Yemen's Houthis expressed "deep regret" Wednesday over the deaths of dozens of migrants in a fire which Human Rights Watch said started when the rebels fired projectiles into a detention centre.
A senior official in the rebel movement, which is locked in a six-year campaign against the internationally recognised government, said that an investigation into the March 7 incident was under way.
"We express our deep regret over the accidental incident at the migrant detention centre in Sanaa," said Houthi official Hussein Al-Azi, according to the rebels' Al-Masirah television.
"The victims are 44 migrants and the wounded are 193, most of whom have gone to hospital, and there is an investigation into the reasons for the incident."
The United Nations called Tuesday for an independent investigation into the blaze, shortly after Human Rights Watch blamed it on "unidentified projectiles" fired by the Houthis.
"There must be an independent investigation into the cause of the fire," the UN envoy for Yemen, Martin Griffiths, told the Security Council.
He added that the "extraordinary, horrific fire" had reminded the world "of the plight of the migrant community".
The Iran-backed rebels control much of northern Yemen, including the capital Sanaa which was captured from the Saudi-backed government in 2014, sparking the devastating conflict.
'Force feed you'
HRW said detainees -- most of them Ethiopian -- had been protesting against overcrowding when camp guards rounded up hundreds of them into a hangar and fired two projectiles into the building.
"The migrants said the first projectile produced a lot of smoke and made their eyes water and sting. The second, which the migrants called a 'bomb', exploded loudly and started a fire," it said in a report.
Footage of the aftermath, which AFP obtained from a survivor, showed dozens of charred bodies piled on top of one another and strewn across the ground. One person was heard crying out in prayer.
The rights group said hundreds of injured migrants were being treated in hospitals in Sanaa where a "heavy security presence" had posed problems for humanitarian agencies seeking access.
A video published by HRW showed security forces walking among survivors outside the facility as the fire raged inside, sending black smoke billowing into the sky.
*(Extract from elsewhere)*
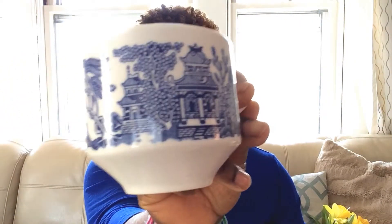Hello once again, this is a collective haul so I purchased some items from different stores. I went to my local thrift store called Savers and I found these beautiful — I believe they're blue willow — these beautiful tea cups and their matching saucers.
It cited interviewees as saying they saw the Houthis rearrest migrants who were not severely injured.
Despite warnings, migrants from the nearby Horn of Africa continue to transit through war-torn and impoverished Yemen, seeking a better life in wealthy neighbouring Gulf Arab states.
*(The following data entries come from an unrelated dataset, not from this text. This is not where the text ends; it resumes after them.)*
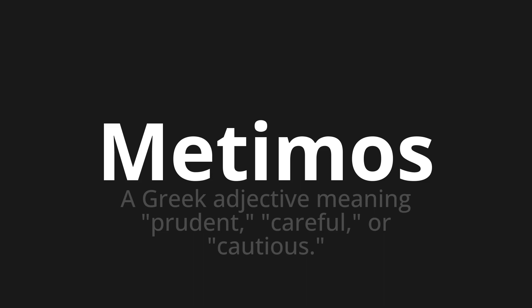Let's say it all together. Metimos. Metimos.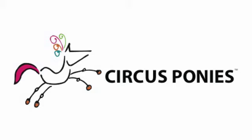Where can I find Notebook? Buy it at your local Apple retailer or try it free for 30 days at CircusPonies.com. Thanks, Vic. Thanks, Circus Ponies Notebook.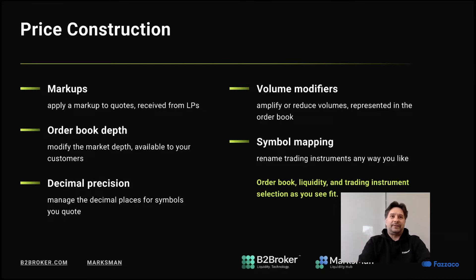There is also symbol mapping, which is an extremely useful feature. On one platform Bitcoin is BTC, on another it's XBT — that's the simple case. There are many uses for symbol mapping. For instance, you can allow trading of a certain symbol to one group of users with one set of parameters, and to another group with a different set of parameters. Therefore you can apply symbol mapping and apply different price construction parameters to your local order book.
The International Organization for Migration -- which has urged the Houthi rebels to provide unimpeded access to those injured in the fire -- said 140 Ethiopians had arrived in Addis Ababa from Yemen's government-controlled second city of Aden on Tuesday.
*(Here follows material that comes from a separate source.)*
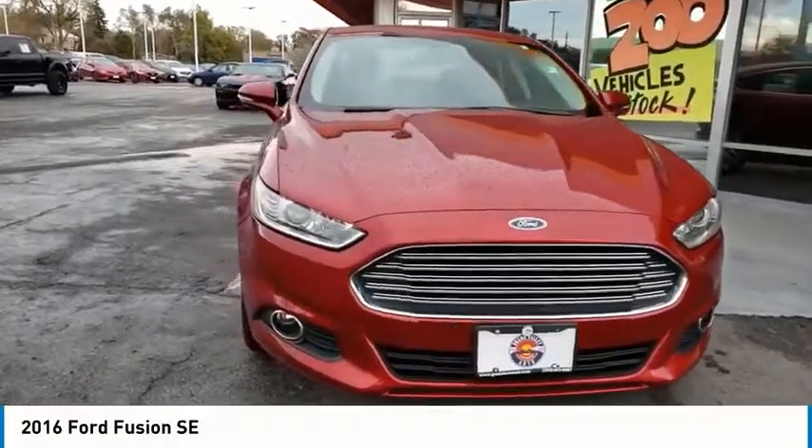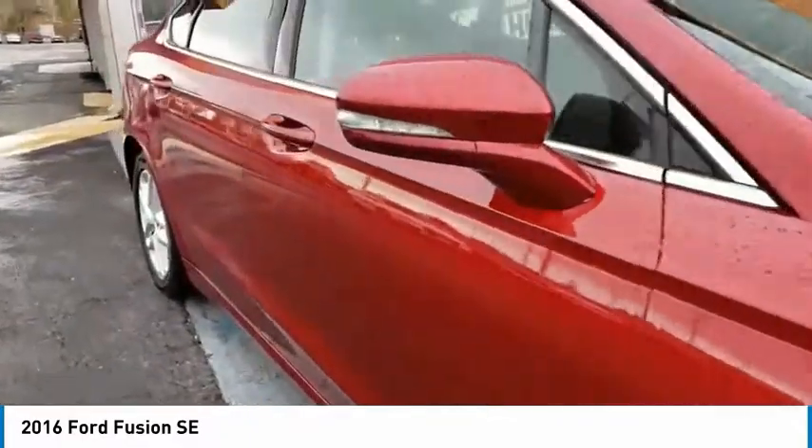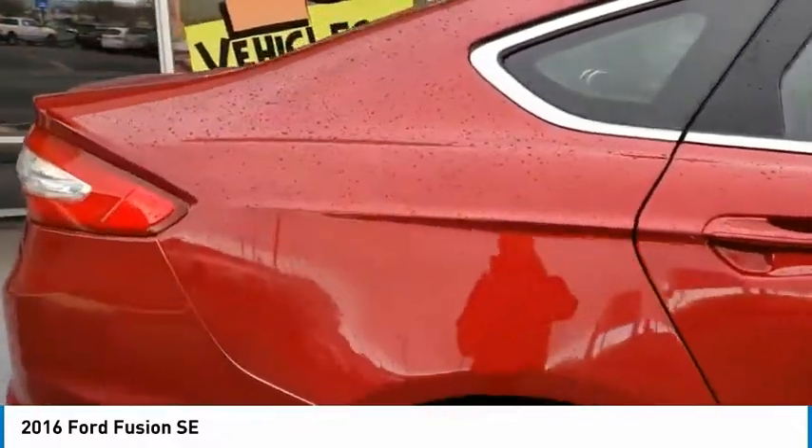Come test drive the 2016 Fusion. You can have both impressive power and great economy in a Fusion. This vehicle has less than 90,000 miles.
It was the first flight it has facilitated since the outbreak of the coronavirus pandemic.
Meanwhile, about 30 Ethiopian migrants protested in Aden in front of the offices of international organisations to express their anger over the deadly fire.
One of them, Osmane, who witnessed the tragedy in Sanaa, said migrants in the centre had launched a hunger strike to "demand our release or repatriation".
He said the Houthis told them: "'We will force feed you and you will fight with us on the front'".